(Brief) Your task is to return the listing below word for word, without any of its images.

(Material provided)
#####

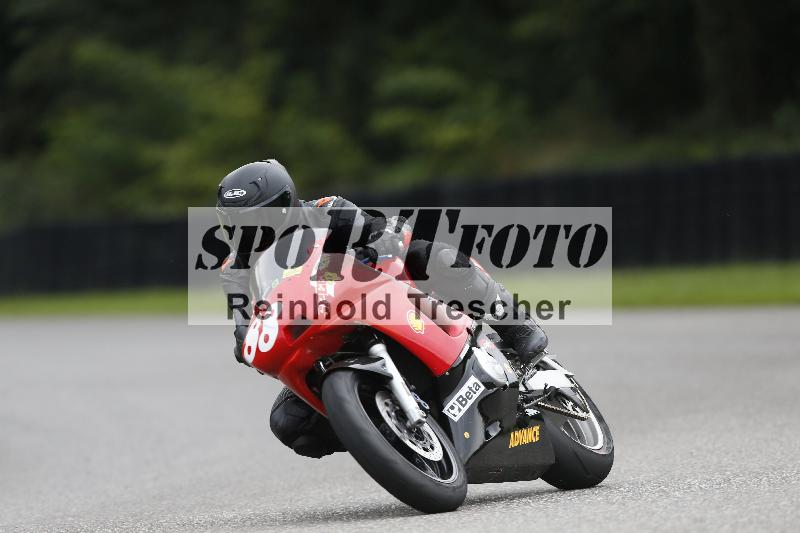 Archiv-2025/50 08.09.2025 PROMAX ADR/88-1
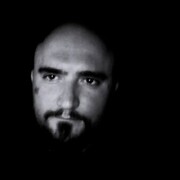  --,   Ilya, 40 ,   c 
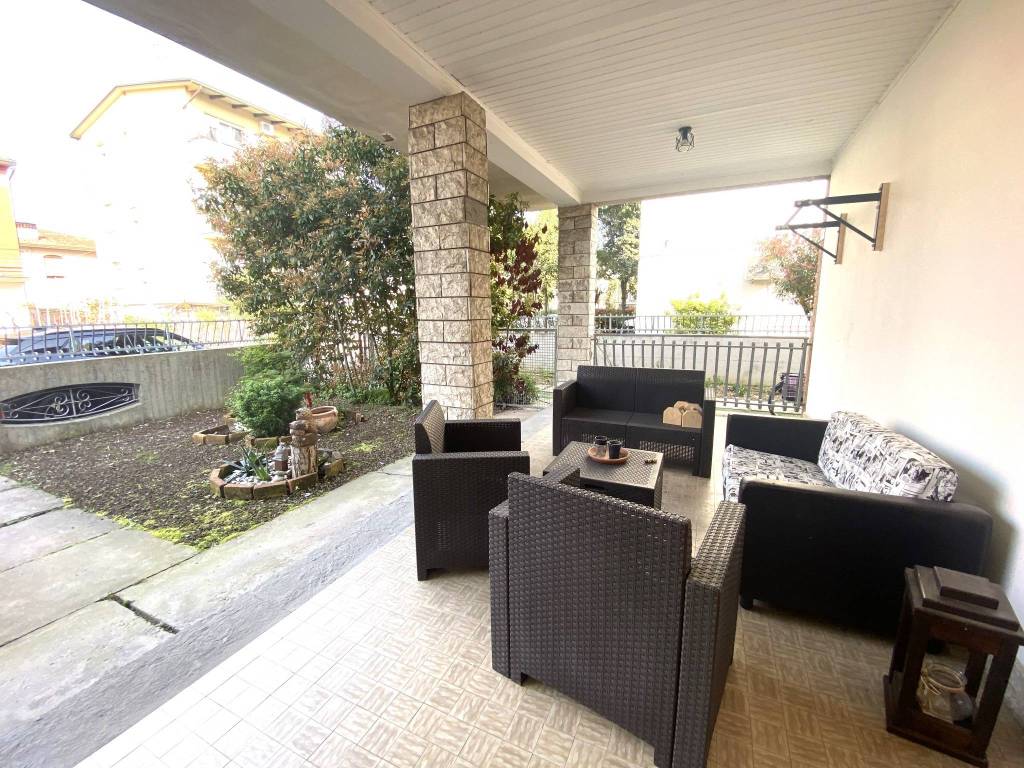 Villa a Lugo - Foto 2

#####

(Solution for this problem)
 Archiv-2025/50 08.09.2025 PROMAX ADR/88-1
  --,   Ilya, 40 ,   c 
 Villa a Lugo - Foto 2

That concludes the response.